You Know What You Want, But What Are You Committing To?
What desire or longing do you have?
Is there something you want to be, or do, or feel or have?
Is there something within that seeks to be expressed or experienced, or that calls for a change?
Okay, but what are you committing to?
You may know what you want, but are you affirming your desire and moving towards it?
Often, we habitually commit to undermining our desires.
Until we bring this harsh truth into awareness, we might be working against ourselves. If you have a desire that you are not nurturing, asking yourself this question:
Instead of your desire, what are you actually committing to?
Ask in a day-in, day-out kind of way. Ask when it comes to your habits, actions, thoughts and beliefs.
Often, we are not aware or radically self-honest about what we are actually committing to instead of our true desires.
We think of committing to something as being intentional and deliberate investment towards a goal or agreement. But intention is not necessary. In practice, repetitive habit alone creates commitment.
On a daily basis, we might “commit” to bottling up anger, people-pleasing, holding back our “no”, scrolling on our phone, over-working and perpetuating 24/7 availability.
Notice how the language “commit” usually refers to a mistake or a crime, whereas commitment refers to a focused dedication.
Take this example of how habit becomes commitment: activate screen time monitoring on your smartphone. How many hours a week are you committing to social media?
Without even realizing it, we do “commit” away from our desires much of the time. If you are dissatisfied in a persistent situation, you can step back and ask yourself what you have been committing to.
This question will often reveal some accountability at play, even if it’s as simple as continued acquiescence to and participation in a situation or circumstance you are not aligned with.

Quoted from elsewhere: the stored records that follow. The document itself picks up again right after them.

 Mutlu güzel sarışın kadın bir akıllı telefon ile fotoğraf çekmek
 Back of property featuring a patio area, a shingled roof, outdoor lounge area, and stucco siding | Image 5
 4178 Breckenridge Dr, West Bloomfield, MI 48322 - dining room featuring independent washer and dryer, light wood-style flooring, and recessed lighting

We often commit to a repetition of thoughts and actions that are tethered to our conditioning or our comfort zone or our fear.
What is happening now?
Check in by asking what is actually happening now. Often, you are more committed to what is happening than what you say you desire.
Here are three examples:
Desire: to write a book
Reality: not writing it
Committing to: working overtime, spending time with your kids, scrolling on Facebook, Netflix before bed, going to the gym, reiterating beliefs about not being qualified, etc
Desire: to be promoted
Reality: stagnant in your position
Committing to: doing office housework, focusing only on skills that you feel comfortable and competent in, being productive rather than demonstrating leadership and delegation, waiting for recognition rather than active self-promoting, etc
Desire: a loving, supportive relationship
Reality: a confusing, uncommitted relationship
Committing to: chasing unavailable people, subjugating your own needs, sticking with what doesn’t work, rationalizing someone else’s behavior, fantasizing what could be rather than seeing reality, etc
As you can see, what you are committed to is not always a negative thing. However, sometimes it is self-sabotaging or shows a lack of faith that you could have what you want.
What can you do?
Seeing what you are currently committing helps to reveal how you actually feel and what the braver action might be.

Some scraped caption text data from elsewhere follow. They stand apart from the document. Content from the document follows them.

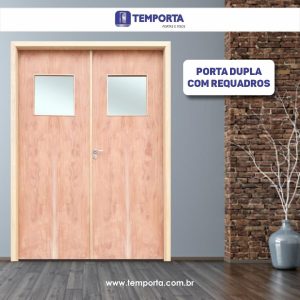 Porta dupla de madeira clara com design moderno e requadros, cada folha com visor quadrado de vidro fosco na parte superior, instalada em ambiente interno contemporâneo com parede cinza, detalhe em tijolo aparente e piso amadeirado escuro. À direita, jarro decorativo de cerâmica com acabamento brilhante e galhos secos. Imagem promocional da Temporta Portas e Pisos com destaque para “porta dupla com requadros.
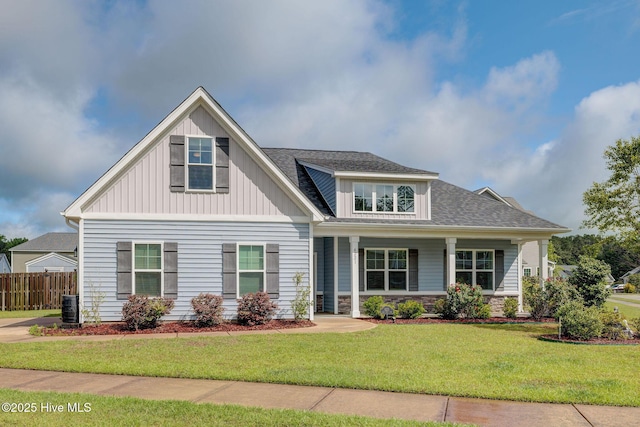 craftsman house with central air condition unit, board and batten siding, stone siding, and a porch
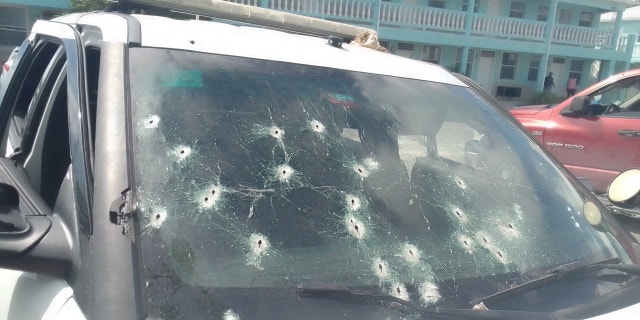 A police car was damaged during a shootout with suspects, who used automatic weapons against officers.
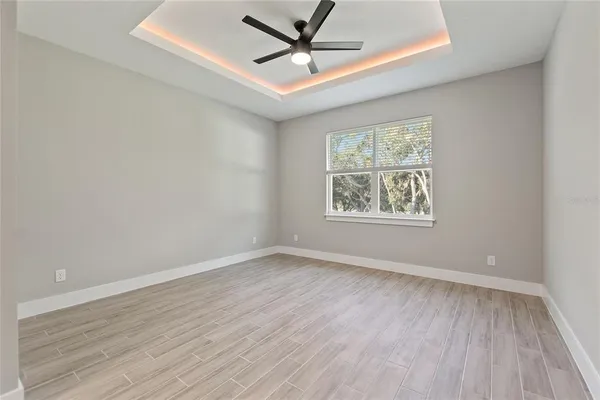 a bathroom with a toilet sink and shower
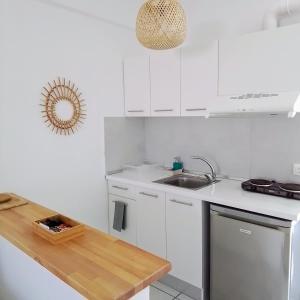 佩科霍里Villa Thalassa Apartments的白色的厨房配有白色橱柜和水槽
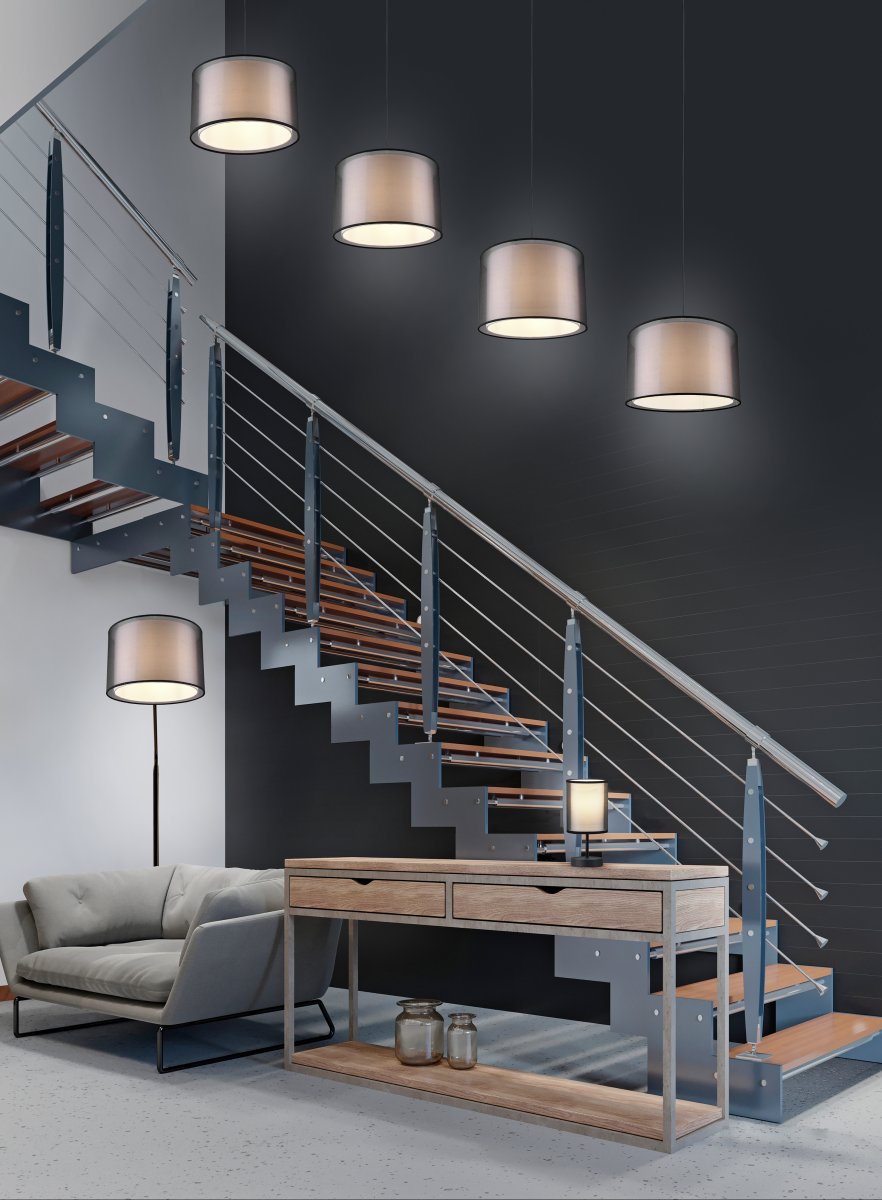 Burton Sort gulvlampe Fra Trio Lighting - Den moderne kombination af en indvendig hvid stofskærm og en udvendig gennemsigtig sort plastikskærm ser både individuel og forfriskende ud og kan integreres i moderne livsstil ved; mange måder.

Perhaps it’s not the time to write that book based on what you value right now, so you can stop beating yourself over the head with “should”.

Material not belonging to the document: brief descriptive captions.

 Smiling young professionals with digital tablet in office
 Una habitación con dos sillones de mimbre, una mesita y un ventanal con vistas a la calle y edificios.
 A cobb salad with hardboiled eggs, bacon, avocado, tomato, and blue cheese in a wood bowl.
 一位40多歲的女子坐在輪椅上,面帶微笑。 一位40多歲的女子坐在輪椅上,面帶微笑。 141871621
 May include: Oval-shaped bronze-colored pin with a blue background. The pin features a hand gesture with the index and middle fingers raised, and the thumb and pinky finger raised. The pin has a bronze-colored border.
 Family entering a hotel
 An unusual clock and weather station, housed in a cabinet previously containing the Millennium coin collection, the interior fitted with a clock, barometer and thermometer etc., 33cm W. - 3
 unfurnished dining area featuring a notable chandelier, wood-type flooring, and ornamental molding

Perhaps you have not realized that you are hiding in your comfort zone,and you realize it’s time to start playing at the level you wish to reach.
Perhaps commitment to what you want you requires walking away from what is not good enough, with faith what you want will come.
In each case, it’s enlightening to see what you are actually committing to and whether that aligns with your true desires for yourself.
What are you believing?
Also, consider whether your mind and heart are in coherence with your desire. There’s a reason why we commit to what we’re actually doing now, even if unconscious.
Our current behavior may match our sense of self-worth, or self-love or our conditioning around what is possible for us or what is normal. It may be rewarding at the egoic fear-based level.
We often want something and also hold limiting beliefs about why it is not desirable or possible, for us. We might hold beliefs that would make the realization itself hollow.
You want to write a book. But your idea about who a published author is doesn’t match your own sense of yourself.
You want a promotion. But you are also terrified the new role would just mean more anxiety.
You want a supportive, loving relationship. But you fear that relationship means compromise and you are too much for anyone.
Despite knowing what we want, some parts of our internal selves might run contradictory to realizing it, or even letting ourselves fully want it.
As Anne Lamott writes, “If you’re not enough before the gold medal, you won’t be enough with it.”
By asking yourself what you long for, observing what you are actually committed to (instead), and investigating the beliefs underpinning what you are habitually doing, you can gift yourself a wake up call.
And then, you can choose to re-orient your energies towards alignment with what you really want.